■ INFORMATION SUPPLIED:

-- Opening Marker --

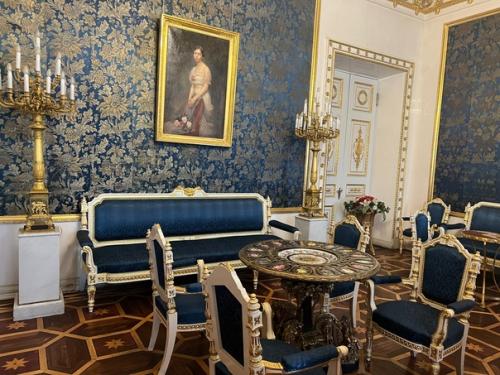 Посетили дворец Юсуповых, который внешне выглядит достаточно скромным. 02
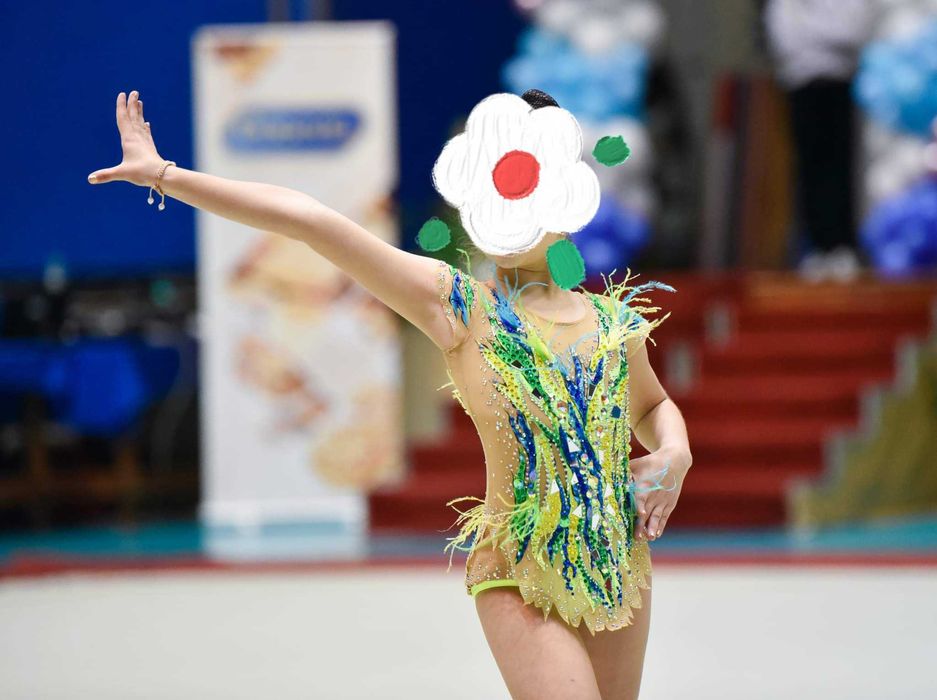 Трика за художествена гимнастика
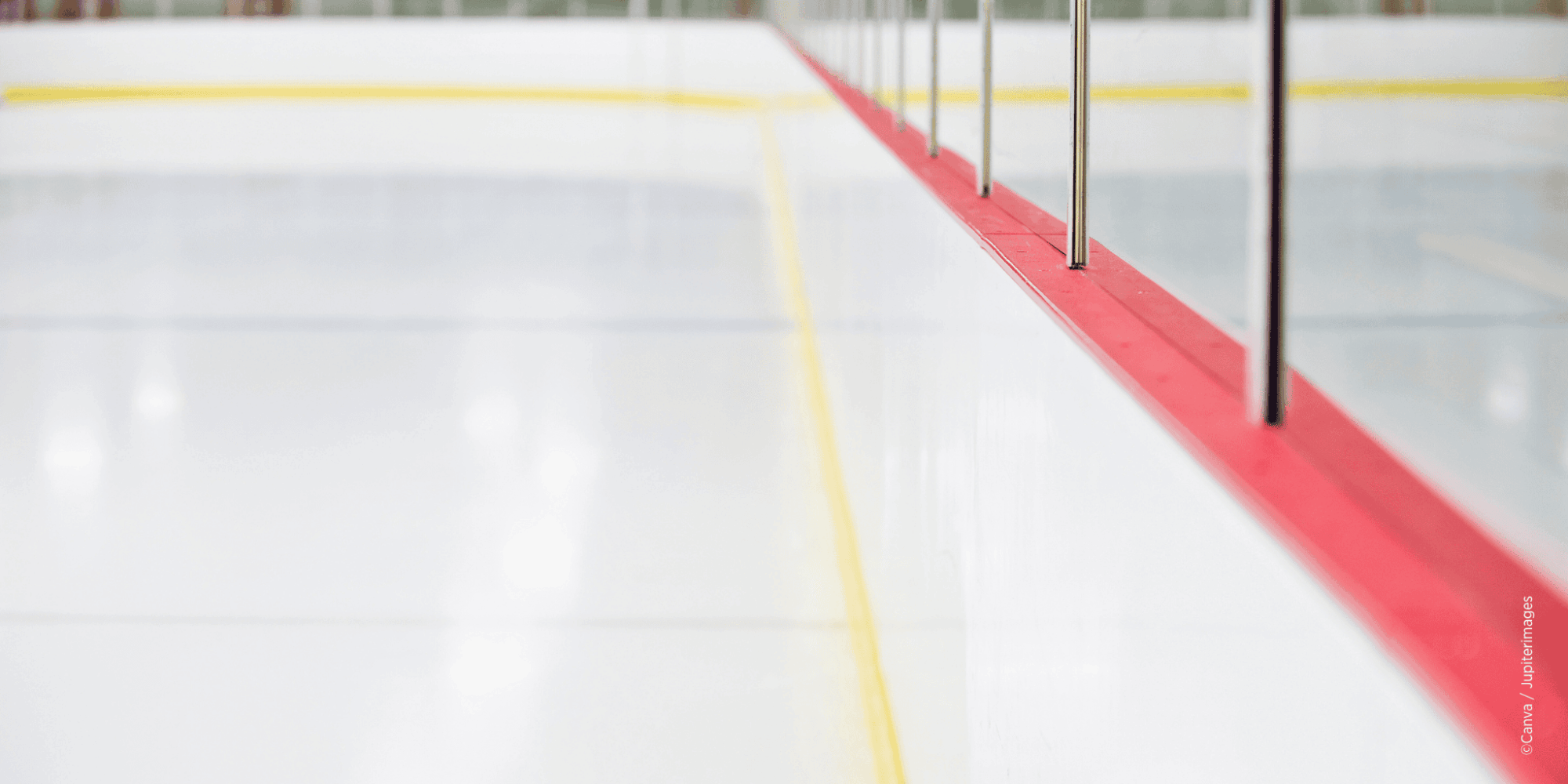 Innenansicht einer Eishalle als Symbol für Eissport und steirische Eishallen-Infrastruktur.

-- Closing Marker --

■ PROBLEM DESCRIPTION:
Excluding the images, copy all of the material above verbatim.

■ THE ANSWER:
 Посетили дворец Юсуповых, который внешне выглядит достаточно скромным. 02
 Трика за художествена гимнастика
 Innenansicht einer Eishalle als Symbol für Eissport und steirische Eishallen-Infrastruktur.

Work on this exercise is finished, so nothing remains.